Another related difference between today and 2007, this one making now a scarier time, is that the financial media coverage and interest in factor investing is much higher than in 2007. That's pretty much a tautology with "more popular and more widely known." Again, August of 2007 went by relatively unnoticed outside of the quant world. I don't think that would be the case this time, even if markets as a whole are unaffected. In this case, the revolution will be televised. What kind of feedback loop that creates is a wild card I do worry about as, anecdotally, people seem to act less rationally the more headlines a topic garners. 26

So, where does that leave us, the community of factor investors? I like to compare today to nearly thirty years ago when I first was introduced to and started studying value and momentum strategies. Well, since then, we have near thirty years of  out-of-sample evidence that they work. 27 28  This includes testing them in a whole lot of other places (geographies and asset classes) and times. We've added a few more good factors to the mix, but by no means have we populated a "zoo." 29  And today, we even can invest in these factors at historically fairly normal pricing, for the most part. 30  What we definitely do not have is an informational monopoly on them that protects us from the actions of other competing, or fleeing, capital. Unlike thirty years ago it's more likely that our short-term returns can be buffeted by the actions of other factor investors. 31  This prospect is not just theoretical as we saw it happen, big time, ten years ago. To state the remarkably obvious, something that has happened before can happen again. In fact, I'd say it is likely to happen again at some time (hopefully, long after I'm gone). 32  This is far from unique to factor investing - there isn't a widely known liquid investment strategy that isn't subject to the left tail of other investors' short-term actions. 33  The stock market itself is, once again, the primary example of this fact.

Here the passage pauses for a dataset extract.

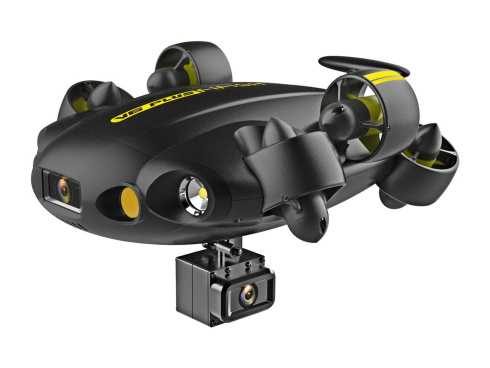 Подводный дрон Qysea Fifish V6 Plus фото 4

So, what do we do with very good (imho!), but, as of today, widely-known strategies? We think, not shocking I know, you should still allocate to them but do so conscious of their known left tail. Investing while in denial of real possibilities is never a good strategy. But, you're not dissuaded from allocating to an S&P 500 index fund because a -10%, -20%, or worse day or week is possible, are you? 34  Rather, you do know that can happen and plan for it, right? 35  We think investors should collectively educate themselves about this possibility to minimize panic and maximize rationality should it happen. We think we should all structure our investments specifically thinking about these events, knowing this is part science and part art, to survive and even be able to take advantage of them. But, ultimately, if we believe these factors are real and priced reasonably (particularly in a world where many investments, like traditional stock and bond markets, are quite expensive), we should invest in them. We should just do it with open eyes and a plan.

Time for some final summary advice. 36  Long-term investors who are pursuing unlevered factor tilts versus indices (this includes "smart beta") should steel themselves to ignore some possible short-term periods of large relative return differences vs. their benchmarks. Long-term investors pursuing market-neutral leveraged strategies should similarly steel themselves, but in this case for absolute (not versus benchmark) suffering. These investors in particular should think hard about August of 2007 and future similar possibilities when designing their portfolios and deciding how much to allocate to them. Finally, short-term investors unprepared for any such turda nu bulence should eschew these factors and, instead, find a set of great strategies only they know about with thirty years of out-of-sample tests (and out-of-sample not just in time, but also in geography and asset class), with only a vanishingly small possibility of short-term crashes (as they are their secret), and yet are still reasonably priced today. Good luck with that!